Le lieutenant-général Roméo Dallaire a annoncé mercredi sa démission du Sénat, où il siégeait depuis neuf ans. Homme courageux et sensible, le général Dallaire est une personnalité admirée non seulement au Canada, mais dans le monde. Depuis sa nomination, il a fait profiter le Sénat et le pays tout entier de sa grande expérience militaire et humaine. Compétent, intègre, indépendant d'esprit : c'est de gens comme M. Dallaire que devrait être composée la deuxième chambre.

Dans son avis récent sur la réforme du Sénat, la Cour suprême a rappelé aux Canadiens que la chambre haute est un rouage essentiel du système politique canadien, et qu'on ne saurait le modifier, voire l'abolir à la légère. C'est pourquoi, a affirmé la Cour, tout changement significatif devrait se faire par le biais d'amendement constitutionnel. Or, on le sait, cette voie est bloquée pour l'avenir prévisible.

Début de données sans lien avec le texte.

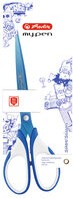 Herlitz my.pen nożyce uniwersalne, 180mm, niebieski/biały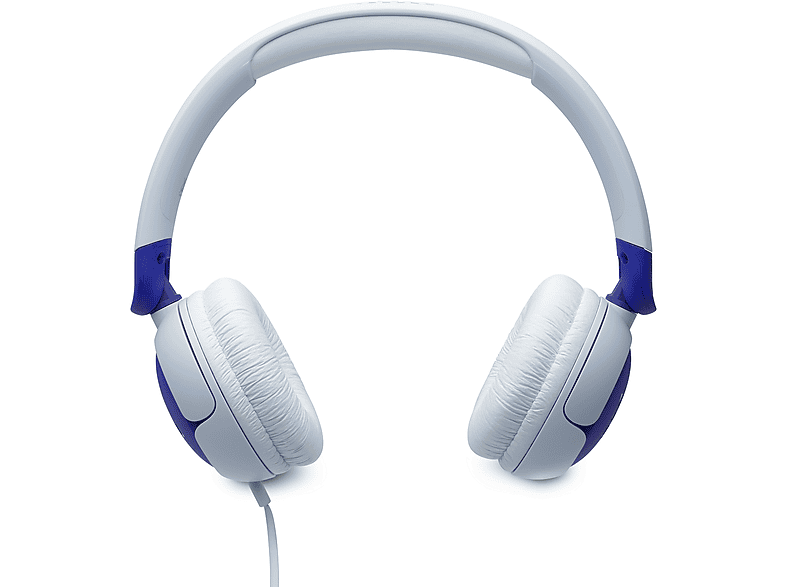 JBL Junior 320 Supraaurales Micrófono Pegatinas Plegable Azul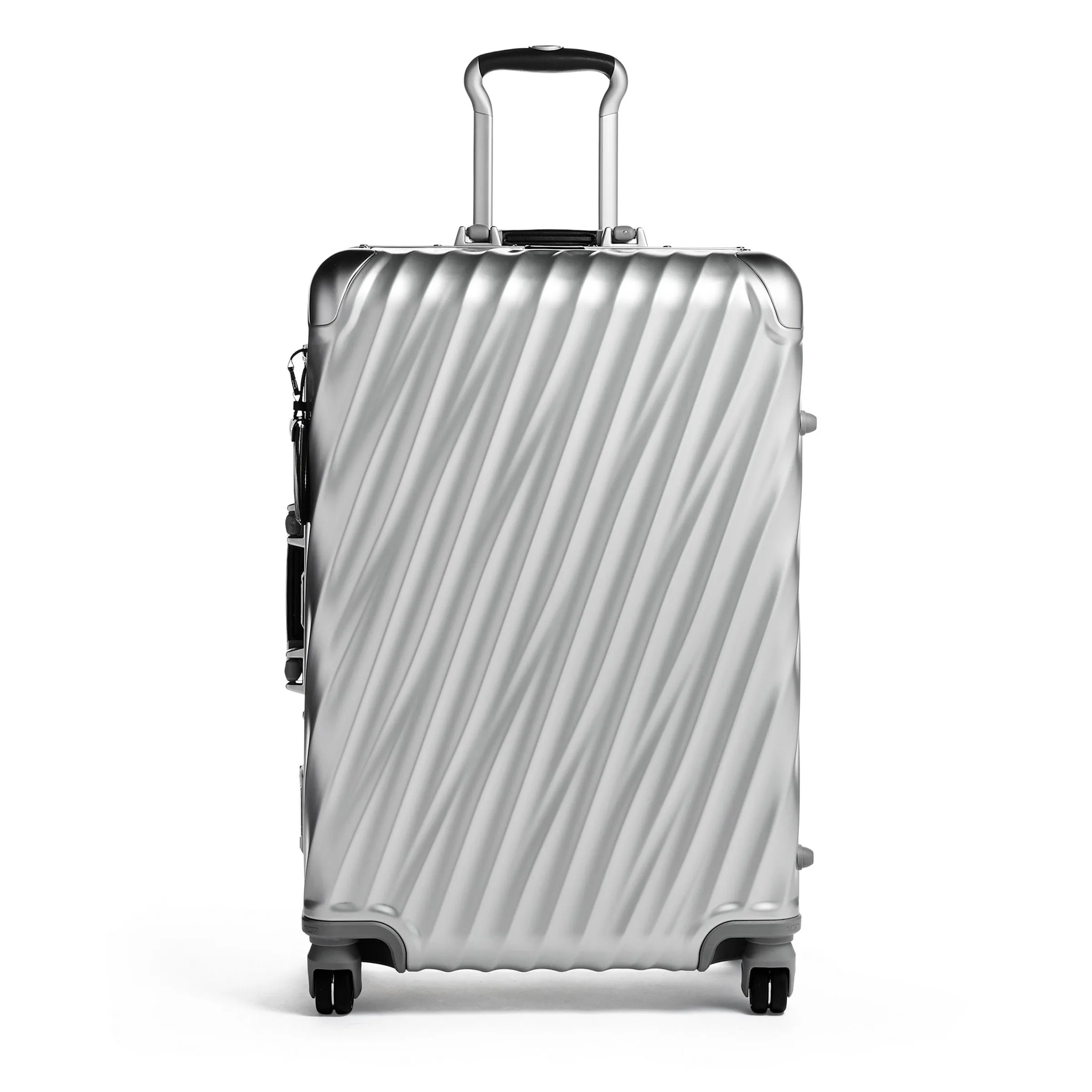 Sac Tumi 19 Degree Aluminum Valise de voyage courte // Argenté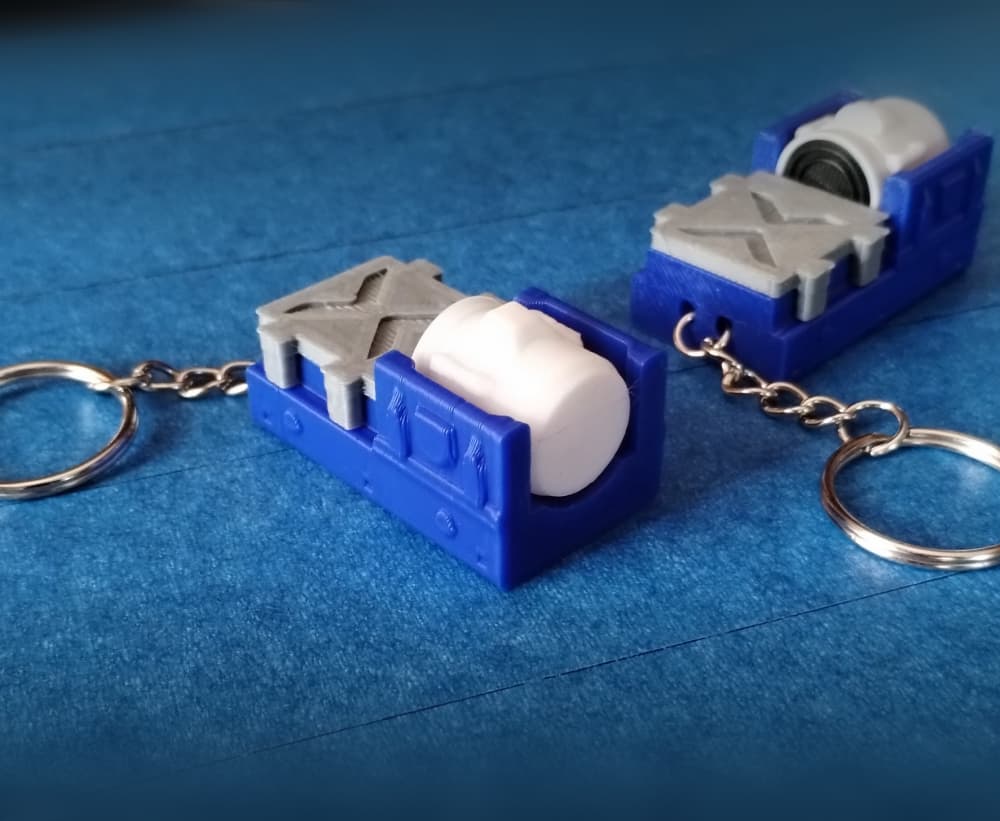 Vibration Machine Shaker Keychain 3d model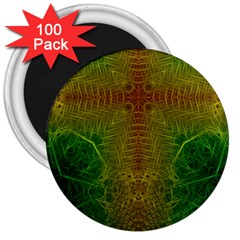 Psychedelic Screen Trippy 3  Magnets (100 Pack) by Modalart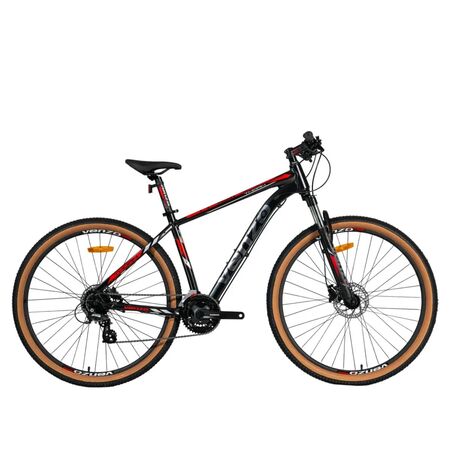 Bicicleta MTB Venzo Thorn Shadow R29 24V Negra/Roja Disco Hidr. Talle M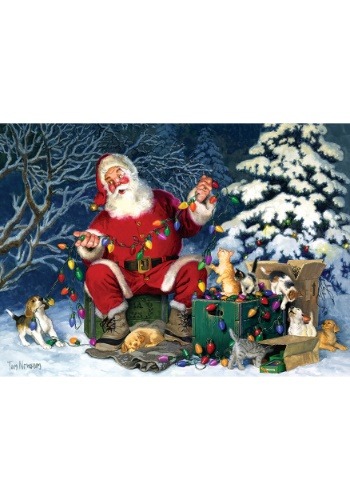 Santa's Little Helper Cobble Hill 500 Piece Puzzle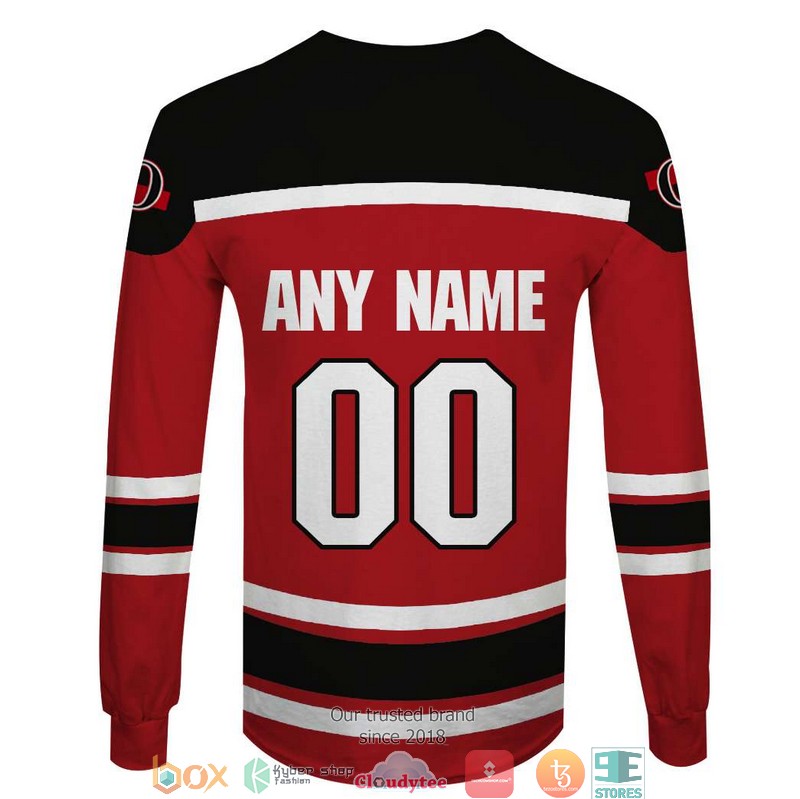 Personalized NHL Ottawa Senators A Red 3D Full Printing shirt hoodie 1 2 3 4 5
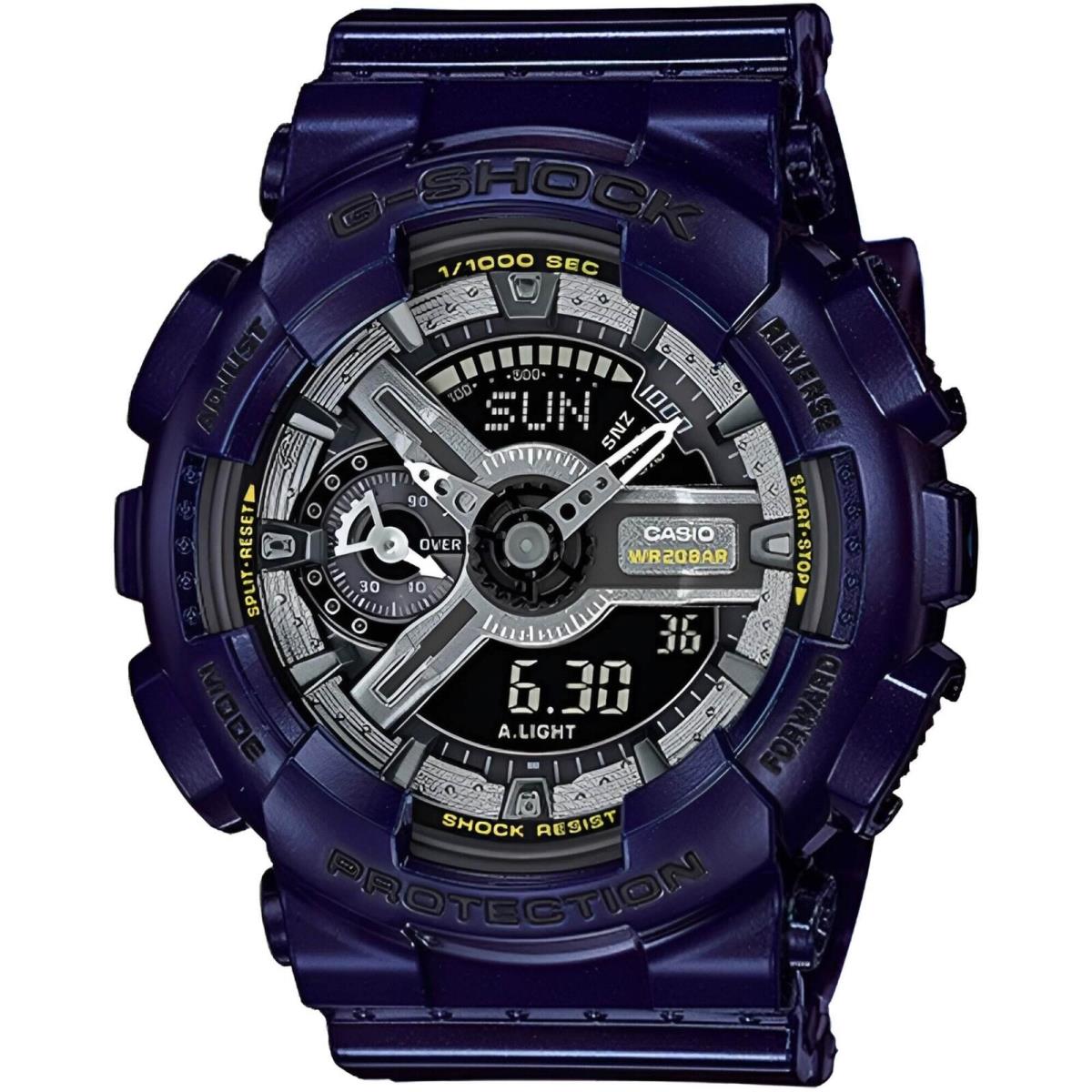 Casio Women`s Watch G-shock Analog-digital Dial Blue Resin Strap GMAS110MC-2A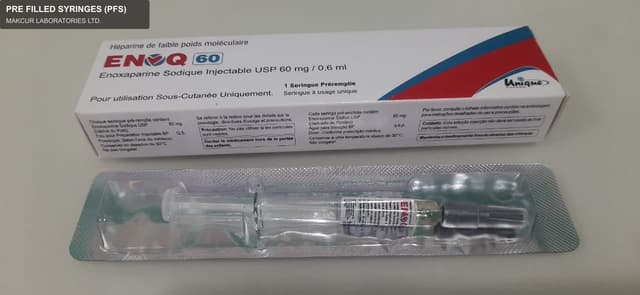 MAKCUR LABORATORIES LTD. sell "PRE FILLED SYRINGES (PFS)"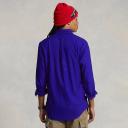 Polo Ralph Lauren Classic Fit Garment-Dyed Oxford Shirt in Blue XS
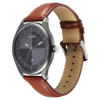 Picture of Titan 1802QL03 Neo Eco Analog with Date Grey Dial Brown Leather Watch For Men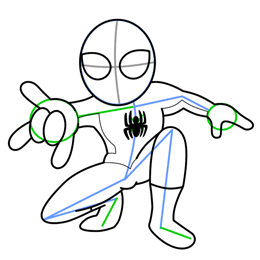 How to Draw Spiderman Fourth Step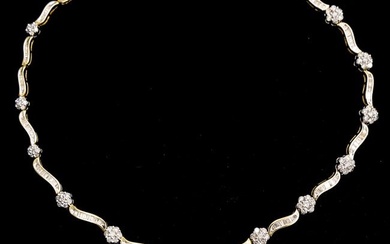 Elegant 12.5ctw Diamond 14k Two-Tone Necklace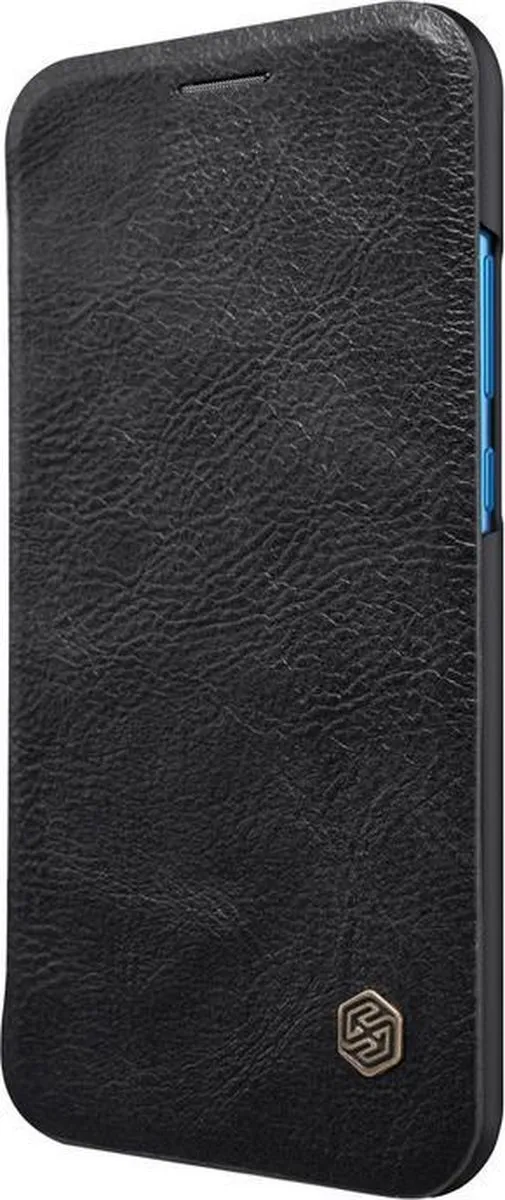 Nillkin Qin PU Leather Book Case voor Huawei P20 Lite - Zwart - afbeelding 5 van 6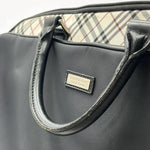 Load image into Gallery viewer, Burberry Nova Check Black Label Business Bag Nylon Black (Pre-owned)
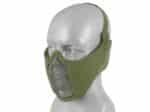 Stahl Mesh Schutzmaske oliv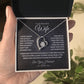 To My Beautiful Wife Forever Love Knot Necklace BW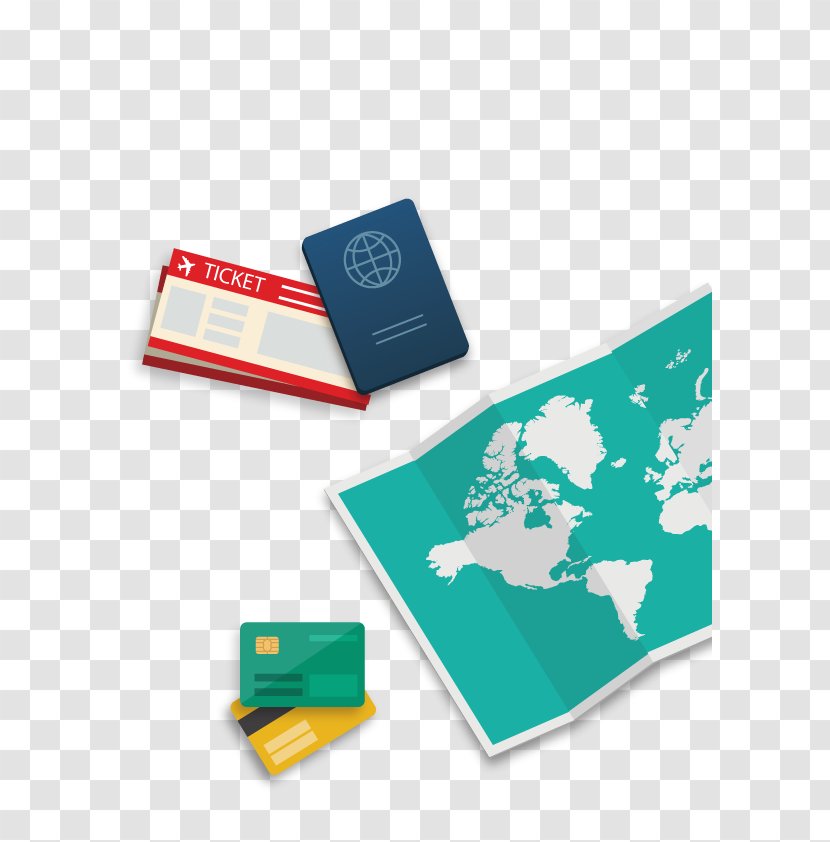 World Travel - Brand - Vector Passport Map Transparent PNG
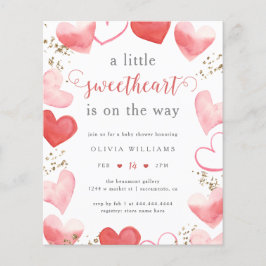 Papier Budget Saint-Valentin Baby shower des coeurs amour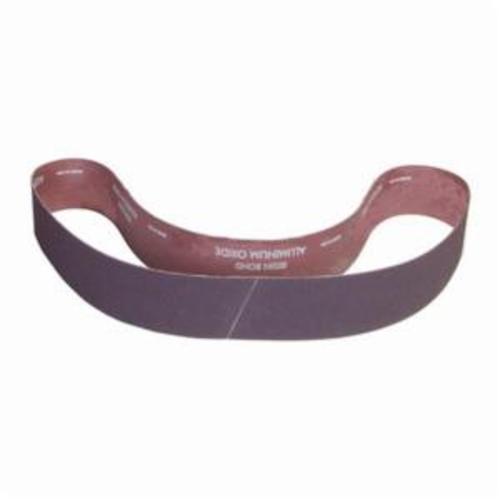 Coated Abrasive Belt, Narrow RR-Flex, Series: R228, 42 in Belt Length, 1 in Belt Width, 240 Grit, Very Fine Grade, Aluminum Oxide Abrasive, Cotton Backing, Closed Coat, Brown, Applicable Materials: Metal and Wood, X-Weight Backing Weight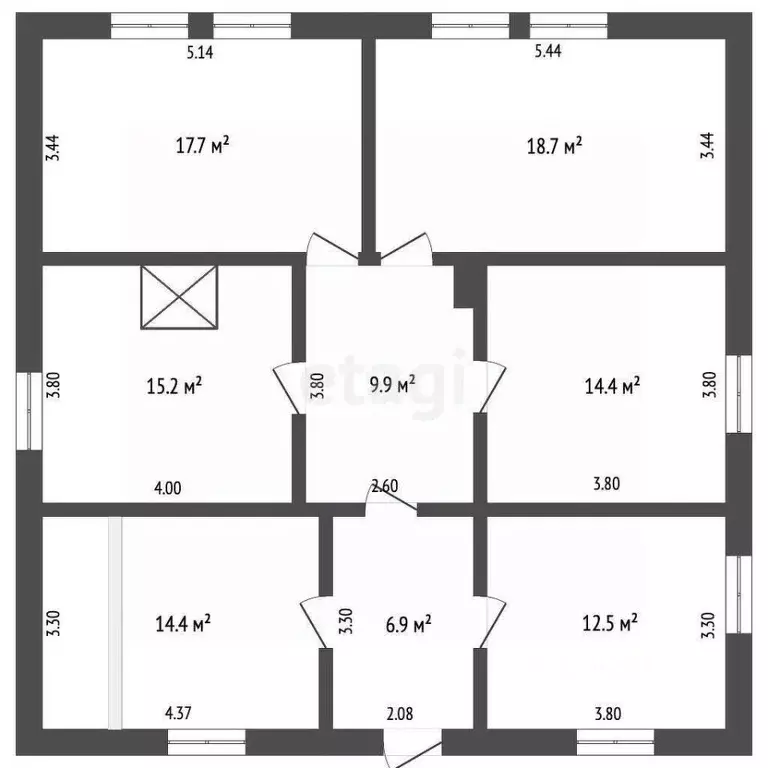 Дом в Псковская область, Порховский муниципальный округ, с. Славковичи ... - Фото 2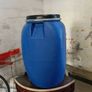 Blue plastic barrells, Image 3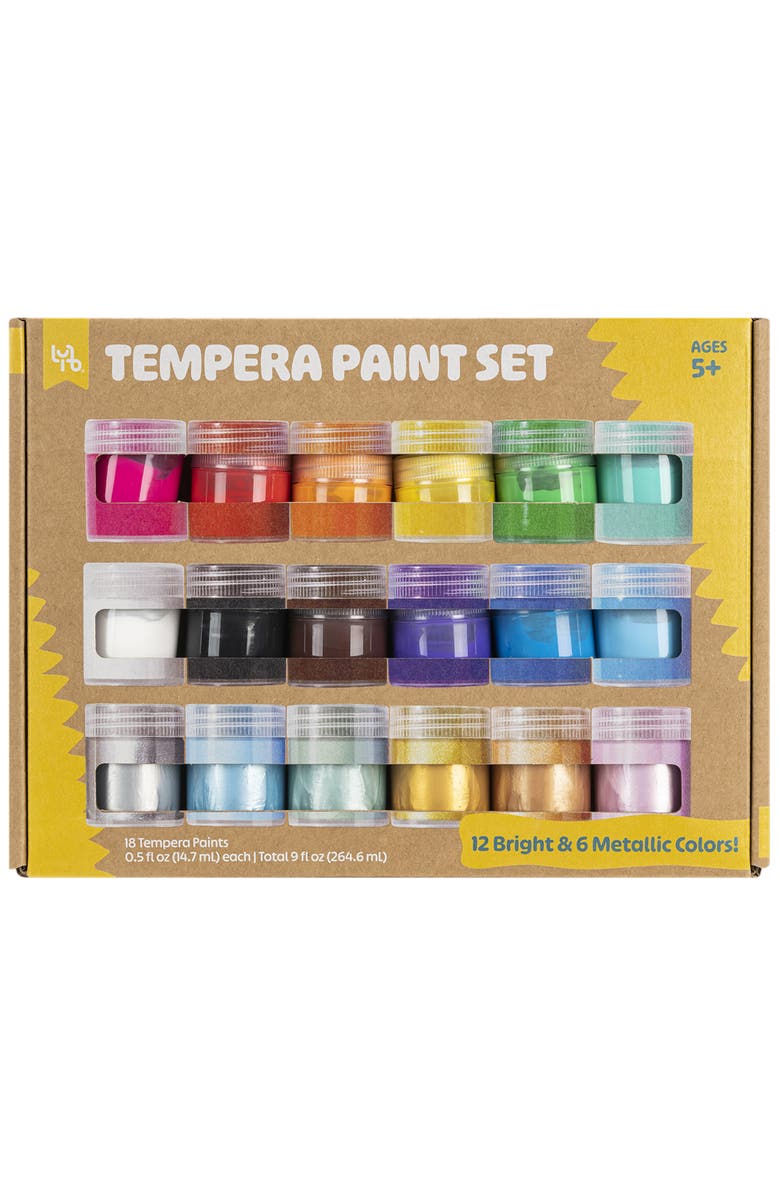 Little Yellow Bicycle Tempera Paint Set, Main, color, 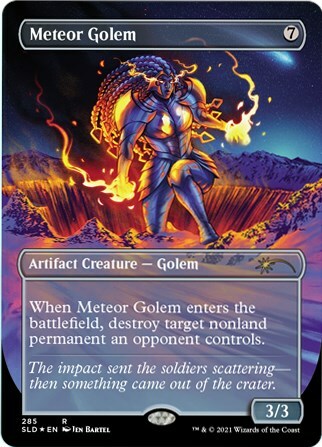 Meteor Golem Card Front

Pourtant, il y aurait moyen de redorer le blason de l'institution, de lui permettre de jouer le rôle que lui ont confié les Pères de la Confédération, soit « examiner sans passion les mesures législatives des Communes et défendre les intérêts publics contre toute tentative de législation hâtive ou teintée d'esprit de parti » (George Brown, 1865).

Le chef du Parti libéral du Canada, Justin Trudeau, a ouvert la voie à un changement en s'engageant à « mettre en place un processus public, ouvert et transparent pour nommer et confirmer les sénateurs ». Surtout, M. Trudeau a promis de « nommer seulement des sénateurs indépendants ». Intéressant... mais insuffisant.

M. Trudeau a beau avoir expulsé de son caucus les sénateurs d'allégeance libérale, ceux-ci siégeant dorénavant comme « libéraux indépendants », on se doute bien que Dennis Dawson, Céline Hervieux-Payette et compagnie continueront de combattre les initiatives du gouvernement Harper. Leur indépendance n'est qu'une façade.

Les personnes recrutées pour le Sénat devraient être libres de toute attache politique, c'est-à-dire ne pas avoir joué de rôle partisan dans le passé. De plus, elles devraient être reconnues, dans leur communauté, pour leur grande compétence et leur parfaite intégrité.

Nul besoin de vaste réforme constitutionnelle pour parvenir à un Sénat respecté. Seule est requise la volonté ferme du premier ministre. De toute évidence, M. Harper n'a pas l'intention de rendre le Sénat moins partisan. Il reste à M. Trudeau de nous convaincre qu'il aura la force de caractère pour tenir ses engagements à cet égard.